A recent Georgia Supreme Court decision confirms that mere violations of traffic laws do not rise to the level of “bad faith” so as to entitle plaintiffs to attorney’s fees and expenses of litigation under O.C.G.A § 13-6-11.  

In Love v. McKnight, phone records indicated that the at-fault driver in a rear-end collision had been using his phone frequently in the 20 minutes leading up to the crash. The other driver sought attorney’s fees and litigation expenses, alleging that a claim of bad faith was supported by: 1) the driver’s guilty plea in response to a citation for following too closely and 2) the fact that he was distracted by driving while talking on the cell phone.

The legal question was whether traffic violations and cell phone use alone could support a claim for bad faith—specifically, whether the case should go to a jury on the issue of attorney’s fees and litigation expenses. The Court ultimately ruled that negligence alone is not enough.
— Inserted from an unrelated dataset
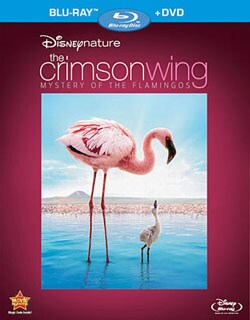 The Crimson Wing: Mystery of the Flamingos with DVD Copy (Blu-ray Disc)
Even when a driver violates traffic laws, the law generally requires evidence of intentional misconduct or reckless disregard of known harmful consequences to justify awarding a plaintiff attorney’s fees and litigation expenses.

Specifically, the Court noted that “under McKnight’s theory that Love was distracted because he was talking on his cell phone, every automobile accident involving cell phone use would present a jury question as to bad faith simply because the driver could have been distracted by a phone call.” The Court rejects the lower court’s ruling that failing to comply with public law could meet the heightened standard of bad faith, instead reiterating the long-held precedent that mere negligence, like being distracted by a phone call while driving, does not create a “bad faith” claim under O.C.G.A § 13-6-11.

Why this matters to insurers
This decision empowers defendants fighting bad faith claims by limiting the ability of claimants to tack on litigation costs in standard rear-end collision claims. While distracted driving can still support punitive damages under certain circumstances, the Court made clear that distracted driving because of one’s cell phone use is not enough to support a bad faith claim for attorney’s fees and reiterated the heightened standard of “intentional misconduct to reckless disregard” as higher than a showing of mere negligence.

Going forward, this ruling should help defendants push back on overreaching claims for litigation expenses in routine auto cases, especially where there’s no compelling evidence of willful or reckless conduct. It’s also a reminder for insurers of commercial motor carriers and trucking companies to continue enforcing mobile device policies consistent with Georgia law.